== YOUR OBJECTIVE ==
From the line holding "Lot Of 11 Vintage" through the line holding "Just A Small Town Girl Ornament thumb 0" below, write out every line exactly; include both of those lines and drop the pictures.

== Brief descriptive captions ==
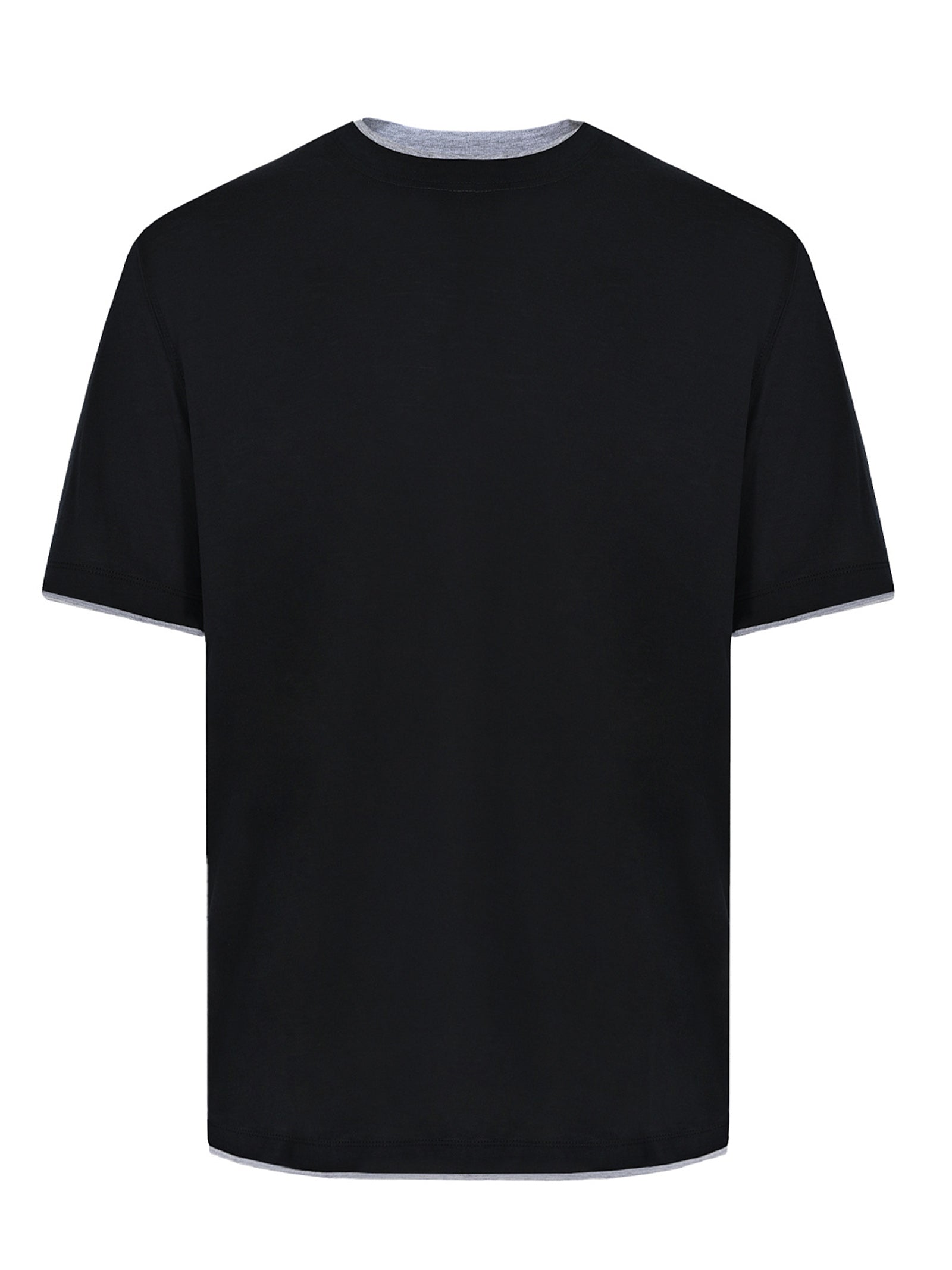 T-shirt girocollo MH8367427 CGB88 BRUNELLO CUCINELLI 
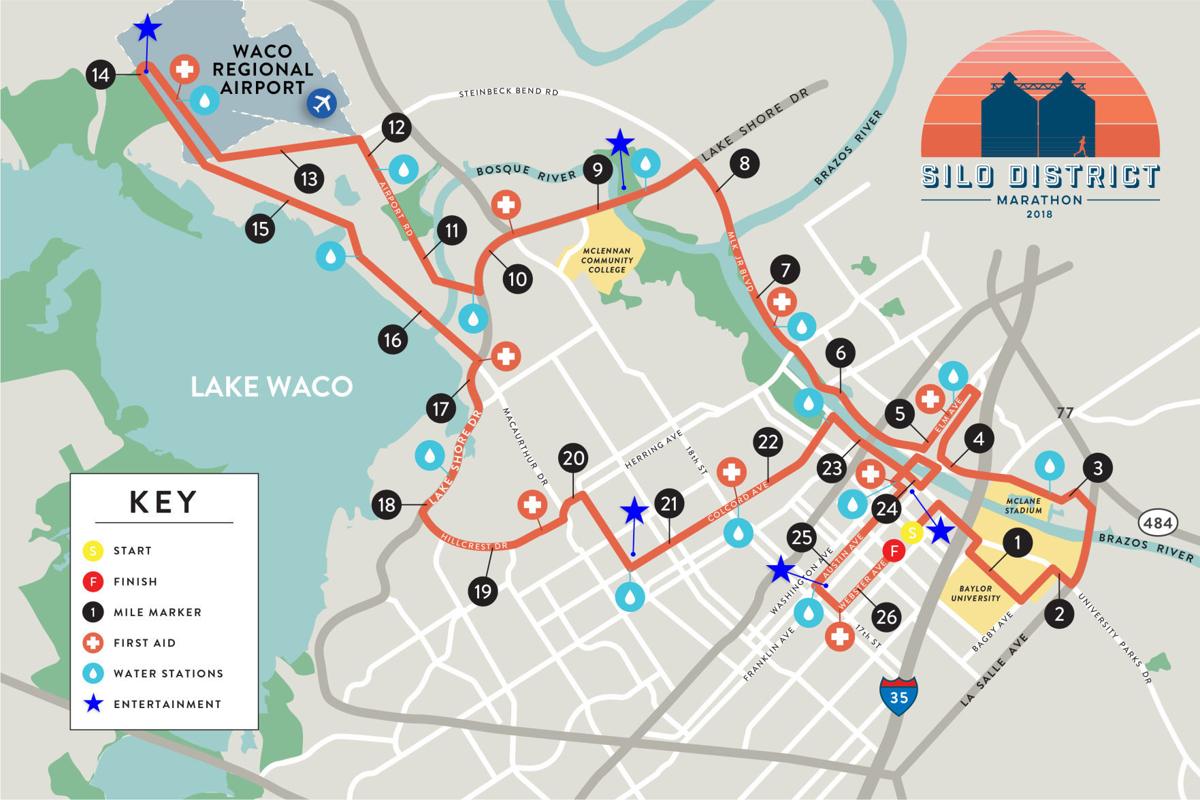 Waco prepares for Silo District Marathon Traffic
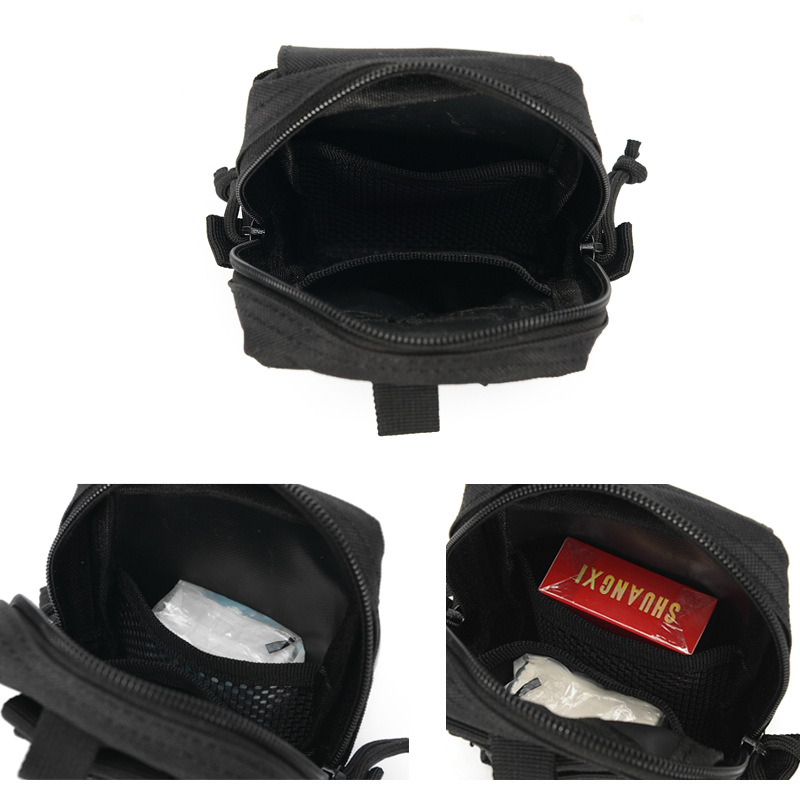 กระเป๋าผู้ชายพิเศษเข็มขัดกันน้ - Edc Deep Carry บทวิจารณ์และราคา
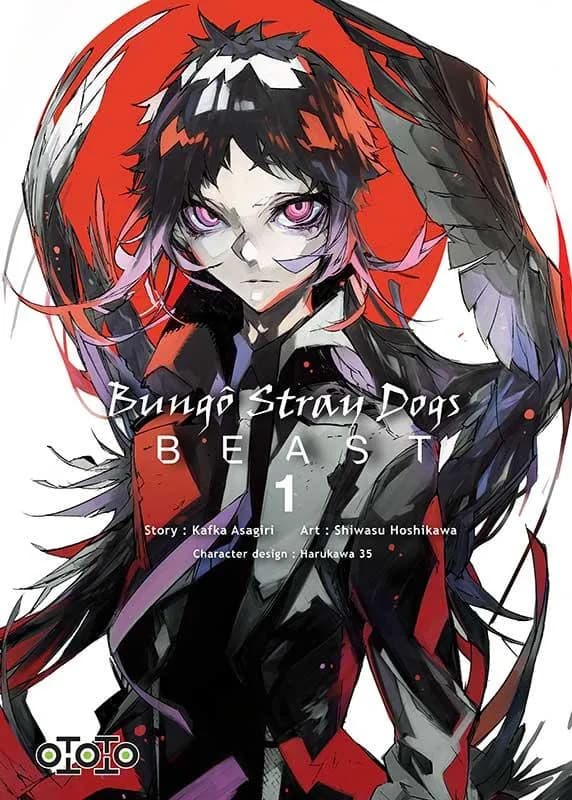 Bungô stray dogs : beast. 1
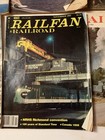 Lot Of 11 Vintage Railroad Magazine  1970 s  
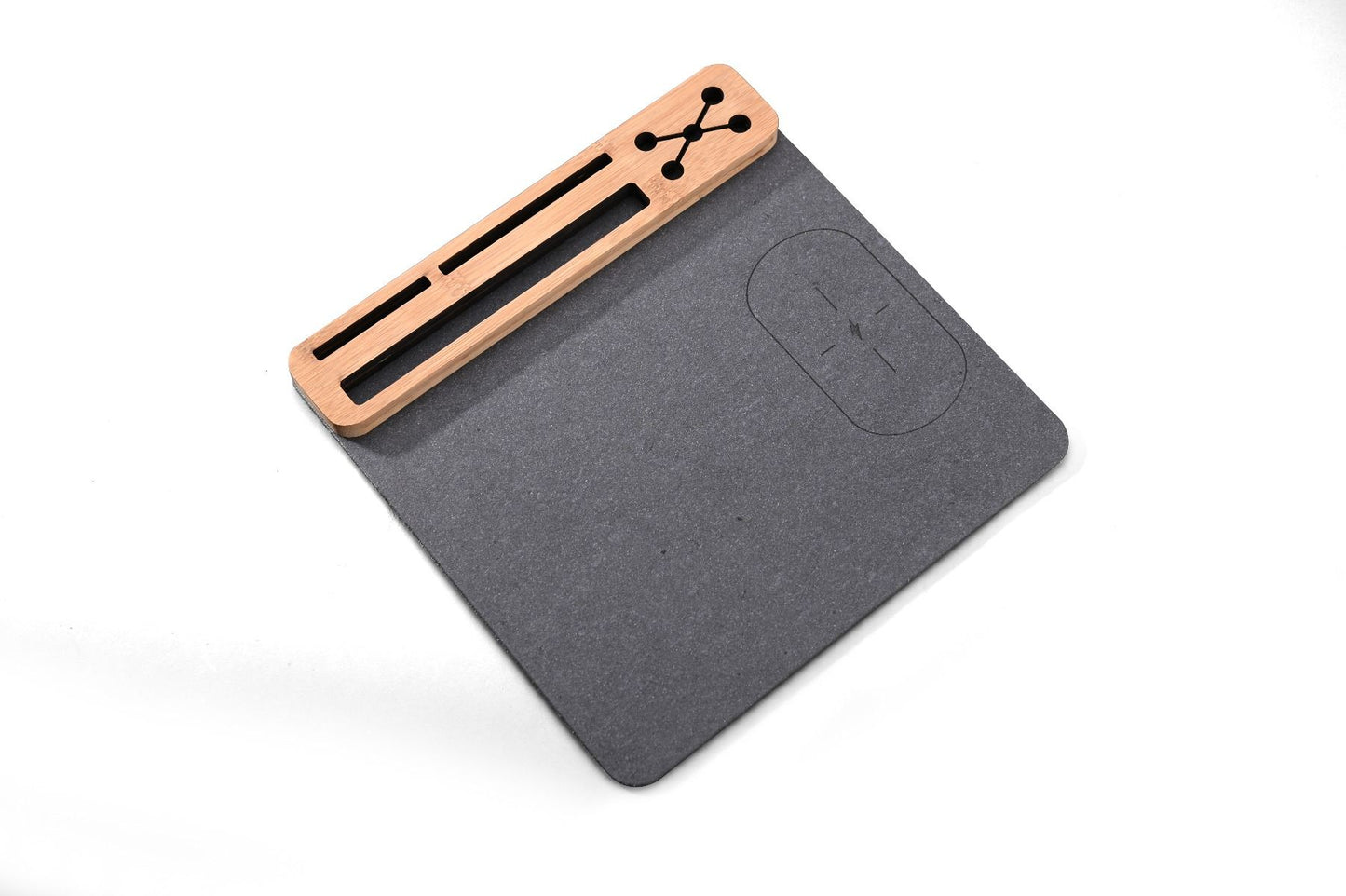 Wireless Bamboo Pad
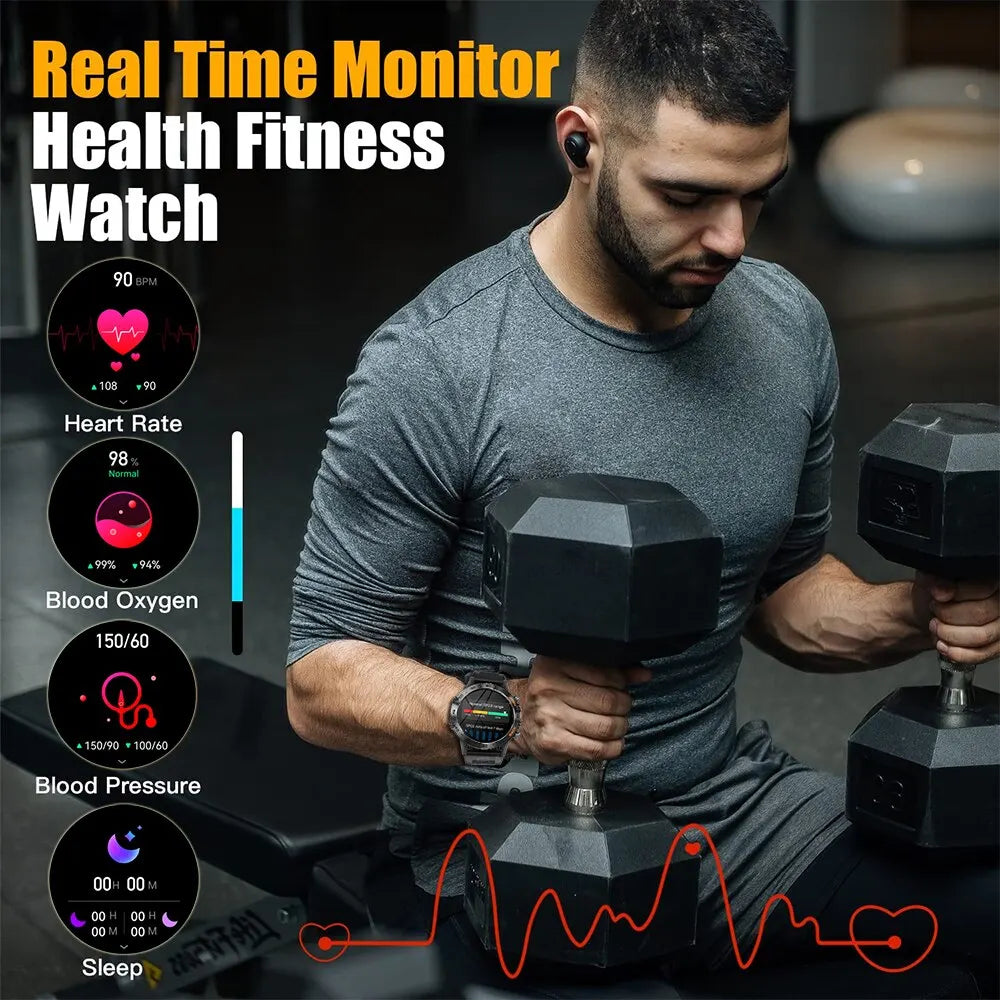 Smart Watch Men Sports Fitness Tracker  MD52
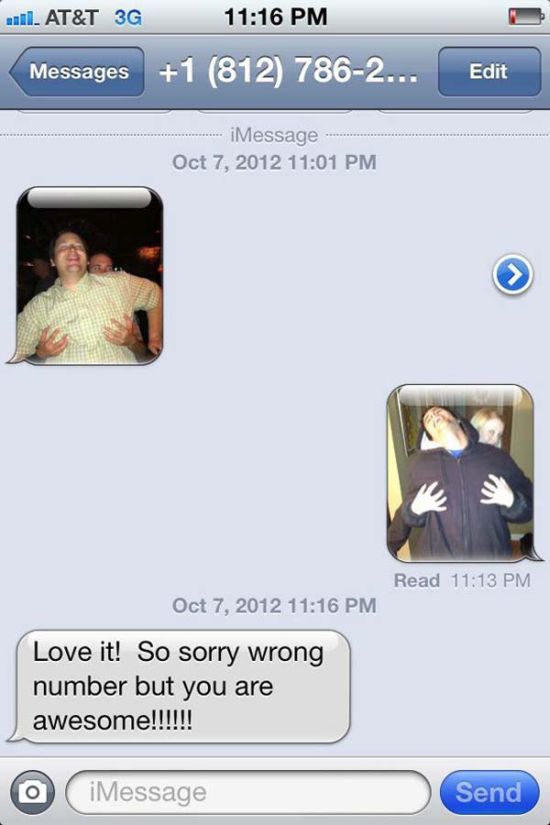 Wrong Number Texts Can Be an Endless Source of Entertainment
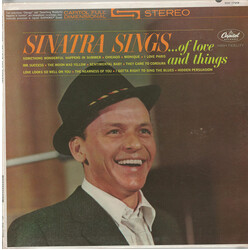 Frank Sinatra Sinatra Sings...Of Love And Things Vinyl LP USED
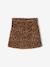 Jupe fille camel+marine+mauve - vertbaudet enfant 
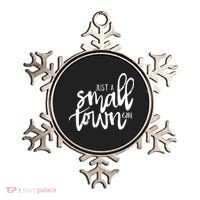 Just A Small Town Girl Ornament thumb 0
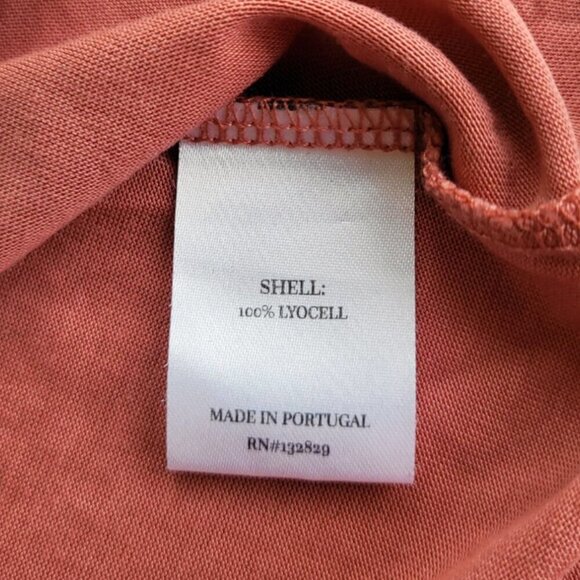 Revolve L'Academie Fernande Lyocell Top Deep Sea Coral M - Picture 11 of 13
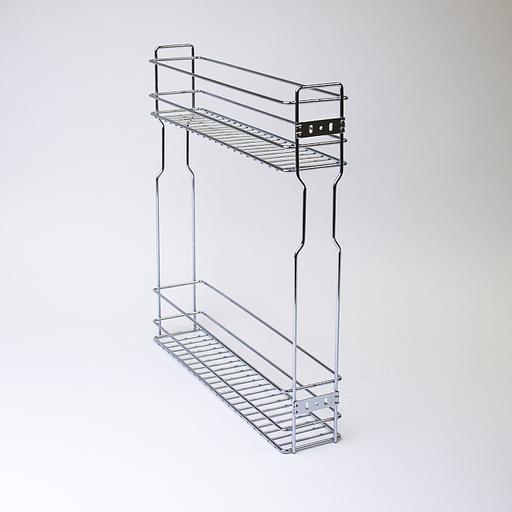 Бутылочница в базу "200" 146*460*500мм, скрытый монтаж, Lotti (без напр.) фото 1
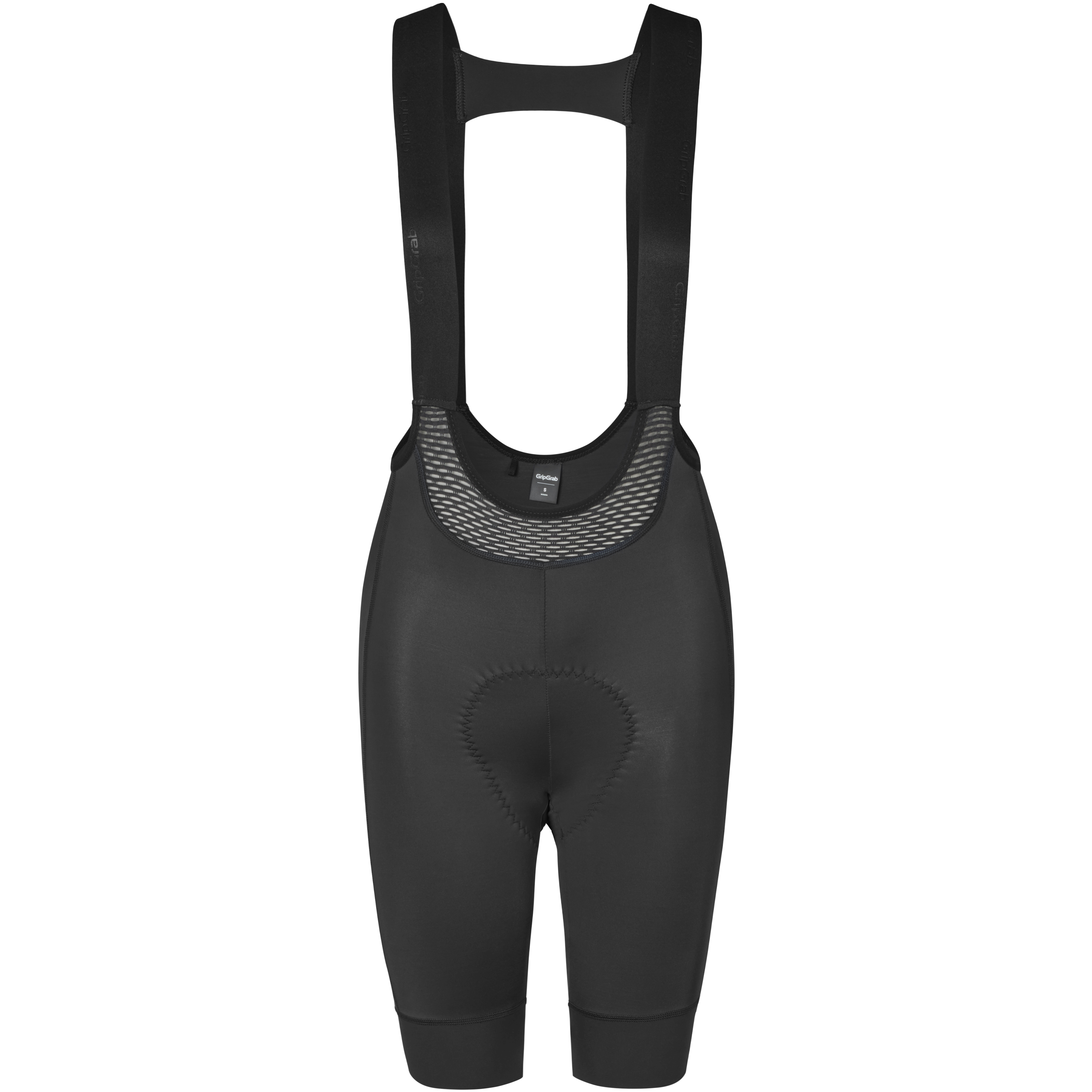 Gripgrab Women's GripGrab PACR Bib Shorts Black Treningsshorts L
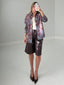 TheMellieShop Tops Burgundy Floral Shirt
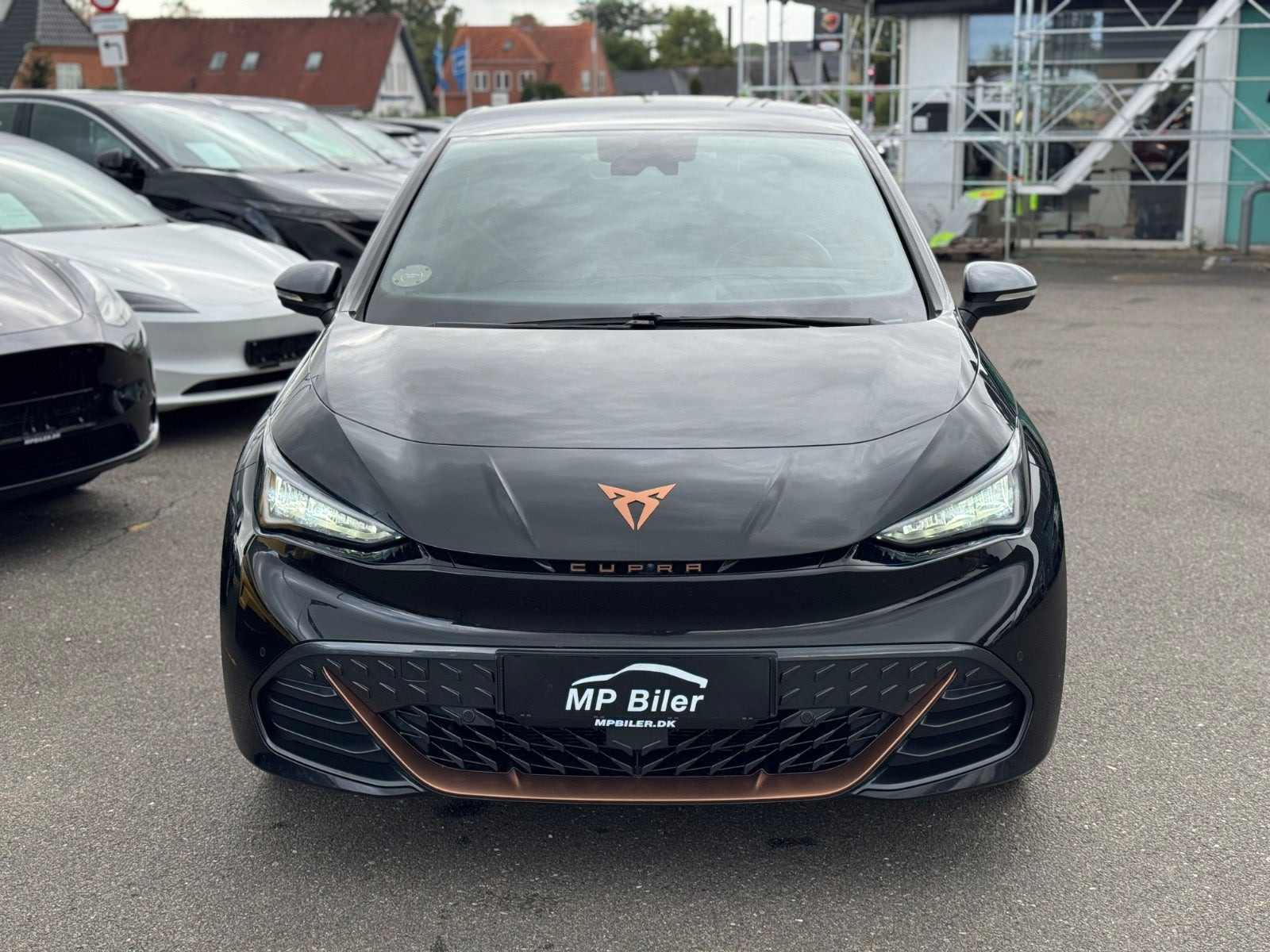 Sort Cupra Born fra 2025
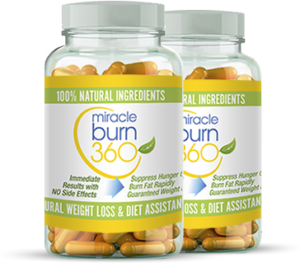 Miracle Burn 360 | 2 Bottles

== ANSWER TO THIS PROBLEM ==
 Lot Of 11 Vintage Railroad Magazine  1970 s  
 Wireless Bamboo Pad
 Smart Watch Men Sports Fitness Tracker  MD52
 Wrong Number Texts Can Be an Endless Source of Entertainment
 Frank Sinatra Sinatra Sings...Of Love And Things Vinyl LP USED
 Jupe fille camel+marine+mauve - vertbaudet enfant 
 Just A Small Town Girl Ornament thumb 0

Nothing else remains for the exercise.